Sep 24, 2003 9:01 AM
|Well we all know the importance of getting proper rest and sleep but sometimes it's easier said than done. Having a busy last few weeks I haven't been getting nearly enough sleep as I should be and I notice it when I get the chance to ride. I peaked in my training a few weeks ago, riding my fastest TT with a club. After that it was all down hill... I was getting maybe 6 or 7 hours of sleep a night. My last two rides I felt totally crappy...most noticeably in my legs more than aerobically. I'm trying to get more rest but have I just wasted a bunch of training or is this fatigue more temporary and will I be back at full strength as soon as I start getting proper rest? I'm sure some of you have had this problem, any insight?
Sep 24, 2003 9:30 AM
|Well the common verbiage is that the best athletes train hard, but rest harder. I think what often happens, especially later in the season is that your body just gets tired. Thats why most people have an "off season" to recover and build base. Maybe that is where you need to be.

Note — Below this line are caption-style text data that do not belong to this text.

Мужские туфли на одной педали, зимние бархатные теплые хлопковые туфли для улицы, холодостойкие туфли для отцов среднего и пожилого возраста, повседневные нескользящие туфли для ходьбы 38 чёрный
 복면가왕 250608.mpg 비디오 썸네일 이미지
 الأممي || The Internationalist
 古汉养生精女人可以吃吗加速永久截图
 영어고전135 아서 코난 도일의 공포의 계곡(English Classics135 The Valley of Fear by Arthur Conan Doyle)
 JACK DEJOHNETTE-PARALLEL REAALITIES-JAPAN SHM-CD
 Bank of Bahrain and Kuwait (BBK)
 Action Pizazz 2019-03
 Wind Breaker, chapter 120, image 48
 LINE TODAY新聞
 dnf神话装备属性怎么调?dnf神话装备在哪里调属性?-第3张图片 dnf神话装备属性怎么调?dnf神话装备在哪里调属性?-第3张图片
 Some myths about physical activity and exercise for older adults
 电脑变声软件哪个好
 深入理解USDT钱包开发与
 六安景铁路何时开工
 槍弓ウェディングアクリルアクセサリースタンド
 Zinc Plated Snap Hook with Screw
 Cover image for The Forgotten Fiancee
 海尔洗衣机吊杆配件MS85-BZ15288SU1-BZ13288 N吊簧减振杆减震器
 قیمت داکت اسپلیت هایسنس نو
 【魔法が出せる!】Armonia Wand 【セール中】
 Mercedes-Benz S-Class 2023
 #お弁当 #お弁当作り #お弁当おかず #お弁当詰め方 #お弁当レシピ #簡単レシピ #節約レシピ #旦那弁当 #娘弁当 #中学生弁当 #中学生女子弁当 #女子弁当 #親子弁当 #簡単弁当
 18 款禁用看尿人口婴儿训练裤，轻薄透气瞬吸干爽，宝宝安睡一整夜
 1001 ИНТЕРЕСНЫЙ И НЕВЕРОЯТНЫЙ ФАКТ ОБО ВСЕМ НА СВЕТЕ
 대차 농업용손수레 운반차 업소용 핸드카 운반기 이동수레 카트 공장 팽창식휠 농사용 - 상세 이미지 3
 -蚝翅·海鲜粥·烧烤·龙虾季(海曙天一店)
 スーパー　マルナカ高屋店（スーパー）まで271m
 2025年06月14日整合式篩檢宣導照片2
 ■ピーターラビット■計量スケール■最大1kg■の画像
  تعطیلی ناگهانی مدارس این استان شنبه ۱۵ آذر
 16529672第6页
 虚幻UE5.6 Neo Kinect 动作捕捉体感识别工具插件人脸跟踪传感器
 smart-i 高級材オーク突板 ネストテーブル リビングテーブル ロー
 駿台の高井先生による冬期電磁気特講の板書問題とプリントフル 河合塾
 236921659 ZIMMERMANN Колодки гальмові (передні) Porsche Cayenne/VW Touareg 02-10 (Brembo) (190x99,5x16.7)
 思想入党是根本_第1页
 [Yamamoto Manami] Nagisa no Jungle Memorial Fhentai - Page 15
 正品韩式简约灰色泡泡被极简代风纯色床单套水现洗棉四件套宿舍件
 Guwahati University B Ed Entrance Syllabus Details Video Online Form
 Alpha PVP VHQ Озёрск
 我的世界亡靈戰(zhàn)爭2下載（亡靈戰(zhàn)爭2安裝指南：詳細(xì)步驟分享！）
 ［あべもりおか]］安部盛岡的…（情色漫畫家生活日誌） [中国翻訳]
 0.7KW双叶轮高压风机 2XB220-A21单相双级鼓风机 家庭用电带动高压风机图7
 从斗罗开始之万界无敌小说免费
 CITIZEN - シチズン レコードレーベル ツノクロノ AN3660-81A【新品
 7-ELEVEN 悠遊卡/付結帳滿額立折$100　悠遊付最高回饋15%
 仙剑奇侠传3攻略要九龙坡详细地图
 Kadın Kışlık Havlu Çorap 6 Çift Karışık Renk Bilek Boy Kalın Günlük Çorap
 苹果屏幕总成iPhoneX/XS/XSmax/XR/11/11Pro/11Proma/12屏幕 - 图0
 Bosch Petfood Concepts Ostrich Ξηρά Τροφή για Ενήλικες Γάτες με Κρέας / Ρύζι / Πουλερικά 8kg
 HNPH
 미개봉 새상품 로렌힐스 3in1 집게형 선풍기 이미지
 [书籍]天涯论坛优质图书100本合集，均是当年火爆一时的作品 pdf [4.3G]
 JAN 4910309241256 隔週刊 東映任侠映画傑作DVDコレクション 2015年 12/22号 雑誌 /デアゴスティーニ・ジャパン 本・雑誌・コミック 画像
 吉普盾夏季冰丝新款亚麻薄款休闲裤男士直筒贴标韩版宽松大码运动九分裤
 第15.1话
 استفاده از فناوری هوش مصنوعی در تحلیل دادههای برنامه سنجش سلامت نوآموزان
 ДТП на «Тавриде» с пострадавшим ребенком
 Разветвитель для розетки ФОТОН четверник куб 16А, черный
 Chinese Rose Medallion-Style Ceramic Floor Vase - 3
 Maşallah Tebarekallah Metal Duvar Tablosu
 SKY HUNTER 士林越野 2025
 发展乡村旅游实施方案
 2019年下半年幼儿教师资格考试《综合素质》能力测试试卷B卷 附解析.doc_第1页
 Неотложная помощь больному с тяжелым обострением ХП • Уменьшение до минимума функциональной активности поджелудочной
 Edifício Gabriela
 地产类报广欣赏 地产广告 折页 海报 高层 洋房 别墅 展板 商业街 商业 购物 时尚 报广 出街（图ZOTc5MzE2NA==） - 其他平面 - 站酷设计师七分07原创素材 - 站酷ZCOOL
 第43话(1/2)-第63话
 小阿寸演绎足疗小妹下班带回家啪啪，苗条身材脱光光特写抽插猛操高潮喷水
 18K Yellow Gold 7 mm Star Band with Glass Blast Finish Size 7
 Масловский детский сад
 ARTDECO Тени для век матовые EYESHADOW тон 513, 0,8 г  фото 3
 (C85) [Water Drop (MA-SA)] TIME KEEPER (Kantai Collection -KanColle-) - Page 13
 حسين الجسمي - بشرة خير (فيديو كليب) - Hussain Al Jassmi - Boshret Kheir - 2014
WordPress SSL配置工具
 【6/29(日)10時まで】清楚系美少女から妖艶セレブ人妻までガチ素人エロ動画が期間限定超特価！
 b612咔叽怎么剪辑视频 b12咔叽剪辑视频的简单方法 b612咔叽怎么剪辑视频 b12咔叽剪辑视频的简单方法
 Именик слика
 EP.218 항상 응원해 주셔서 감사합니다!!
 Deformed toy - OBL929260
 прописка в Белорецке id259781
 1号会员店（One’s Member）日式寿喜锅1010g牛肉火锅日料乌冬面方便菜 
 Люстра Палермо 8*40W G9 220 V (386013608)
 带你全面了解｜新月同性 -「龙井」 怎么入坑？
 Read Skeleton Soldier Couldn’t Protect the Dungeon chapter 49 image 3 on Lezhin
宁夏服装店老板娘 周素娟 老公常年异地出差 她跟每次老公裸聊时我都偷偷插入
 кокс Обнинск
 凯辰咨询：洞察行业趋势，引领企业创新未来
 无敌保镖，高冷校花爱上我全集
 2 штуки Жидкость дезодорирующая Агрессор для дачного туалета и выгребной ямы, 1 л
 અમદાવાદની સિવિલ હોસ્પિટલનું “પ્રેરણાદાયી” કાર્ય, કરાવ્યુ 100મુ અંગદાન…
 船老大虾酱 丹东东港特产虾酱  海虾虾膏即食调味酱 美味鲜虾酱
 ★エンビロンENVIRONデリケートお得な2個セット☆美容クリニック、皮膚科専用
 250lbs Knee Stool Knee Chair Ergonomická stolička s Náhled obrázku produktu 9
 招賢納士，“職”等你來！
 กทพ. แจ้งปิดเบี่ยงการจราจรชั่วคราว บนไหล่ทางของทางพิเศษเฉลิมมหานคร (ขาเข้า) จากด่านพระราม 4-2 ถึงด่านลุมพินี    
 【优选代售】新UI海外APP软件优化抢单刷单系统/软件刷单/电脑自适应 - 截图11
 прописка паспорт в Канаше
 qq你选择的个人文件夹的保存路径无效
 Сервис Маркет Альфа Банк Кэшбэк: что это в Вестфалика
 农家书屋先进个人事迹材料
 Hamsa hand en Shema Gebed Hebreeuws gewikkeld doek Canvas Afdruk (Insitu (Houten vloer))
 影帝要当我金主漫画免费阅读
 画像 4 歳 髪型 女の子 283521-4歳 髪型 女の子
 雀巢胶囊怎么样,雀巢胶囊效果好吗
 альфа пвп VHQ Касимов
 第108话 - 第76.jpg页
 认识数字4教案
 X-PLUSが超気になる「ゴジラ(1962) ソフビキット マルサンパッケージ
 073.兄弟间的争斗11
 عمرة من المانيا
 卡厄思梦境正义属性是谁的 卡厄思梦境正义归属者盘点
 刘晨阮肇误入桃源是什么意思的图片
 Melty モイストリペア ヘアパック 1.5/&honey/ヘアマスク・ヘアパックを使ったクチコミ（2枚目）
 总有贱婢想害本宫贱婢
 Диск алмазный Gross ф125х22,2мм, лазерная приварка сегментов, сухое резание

It could be many things, however, diet... sleep, overtraining. Also may be the WAY you are training on the bike. If every ride is a hammerfest, then should it truly be considered "training". Training should be structured and focused, and be specific. If you have a bad ride on tuesday, and thus go harder than you are supposed to on Wednesday... then it basically squirrels things up. Im not real sure what training program you are on, but try and do things right with diet and rest, but if legs continue to not come back, you might consider taking a week off, or at least take a week or so off of insanely intense efforts to help your body recover.
My two cents...
|re: proper rest||Bill from WPB|
Sep 24, 2003 9:30 AM
I am pretty new to cycling, but I was a runner for 32 yrs.
and have found many things from running also hold true about cycling.
When you say you peaked, it gives me the impression that there was significant hard training and effort to lead you to this PR. Just think, you have been training very hard and you have capped that with your maximal effort to establish your new best time. That one effort might have drained you even more.
Every time I do a PR, I take at least four days completely off the bike to give the body time to recouperate. Then, I take a full week to build up my training again .
Four days off will not hurt your conditioning and it can make miracles for your recouperation.
Rest is just as important as the training itself.